- INSTRUCTIONS FOR THE TASK
Leave every picture out, then reproduce the rest of the listing exactly.

- PROVIDED MATERIAL
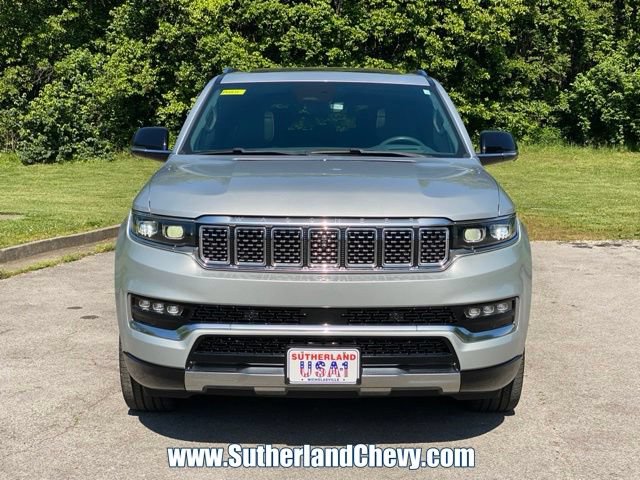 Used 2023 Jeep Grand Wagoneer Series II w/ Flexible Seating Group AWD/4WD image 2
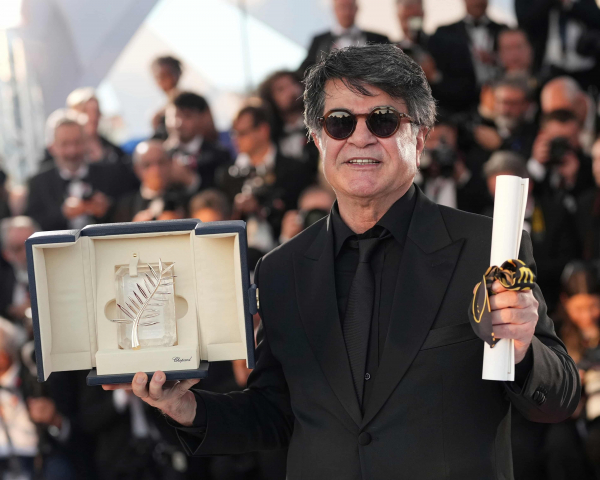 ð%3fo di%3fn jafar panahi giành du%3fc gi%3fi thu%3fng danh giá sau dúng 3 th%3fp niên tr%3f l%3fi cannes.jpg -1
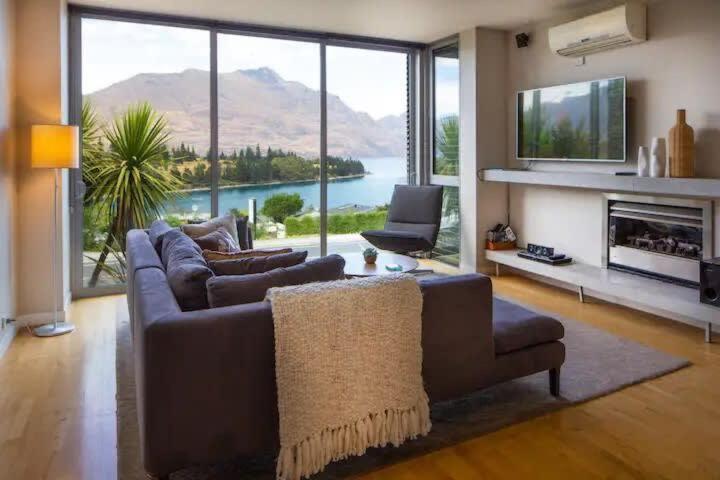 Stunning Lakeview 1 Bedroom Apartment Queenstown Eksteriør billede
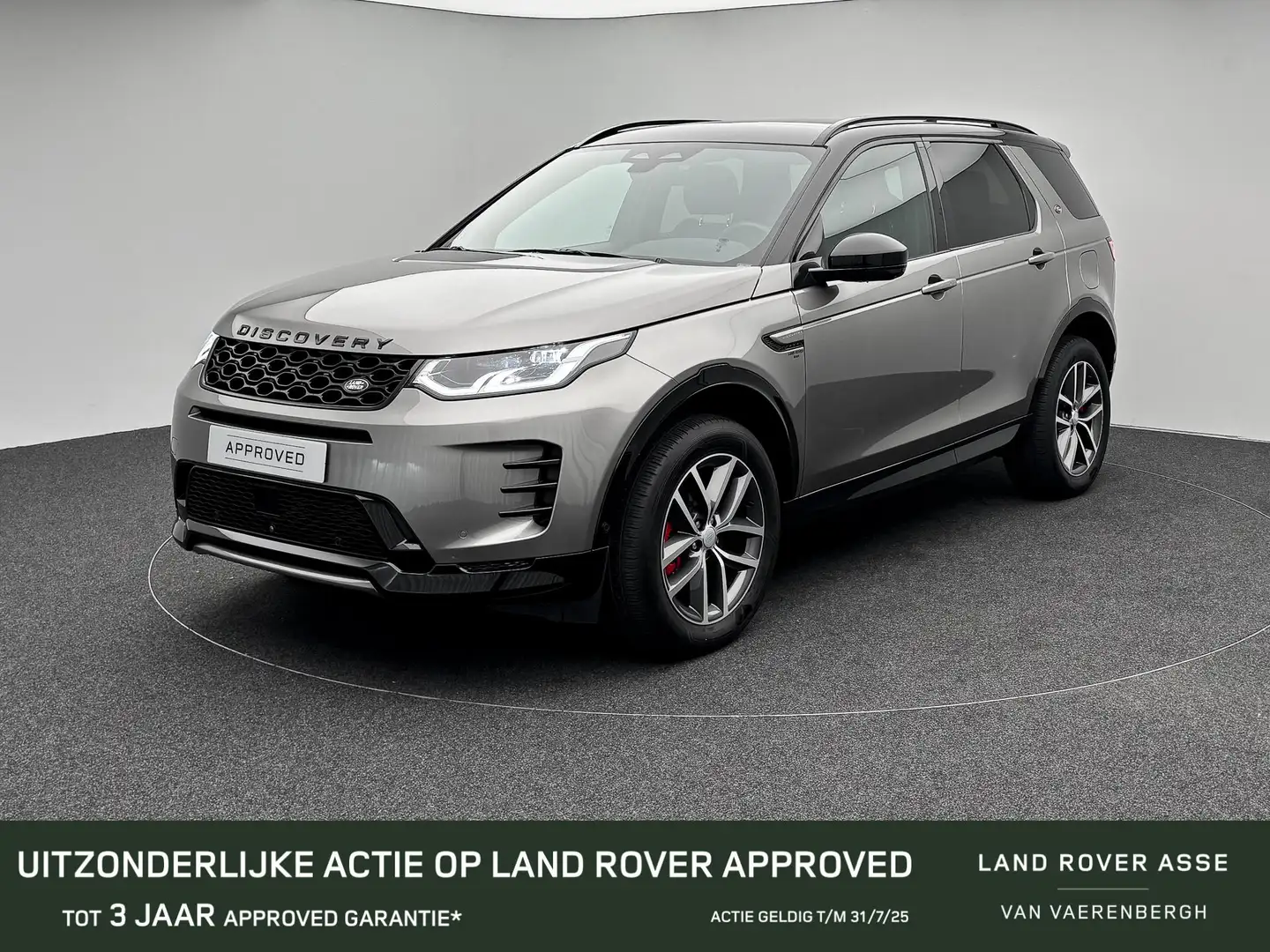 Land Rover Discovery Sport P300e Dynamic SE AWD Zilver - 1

- ANSWER SECTION
 Used 2023 Jeep Grand Wagoneer Series II w/ Flexible Seating Group AWD/4WD image 2
 ð%3fo di%3fn jafar panahi giành du%3fc gi%3fi thu%3fng danh giá sau dúng 3 th%3fp niên tr%3f l%3fi cannes.jpg -1
 Stunning Lakeview 1 Bedroom Apartment Queenstown Eksteriør billede
 Land Rover Discovery Sport P300e Dynamic SE AWD Zilver - 1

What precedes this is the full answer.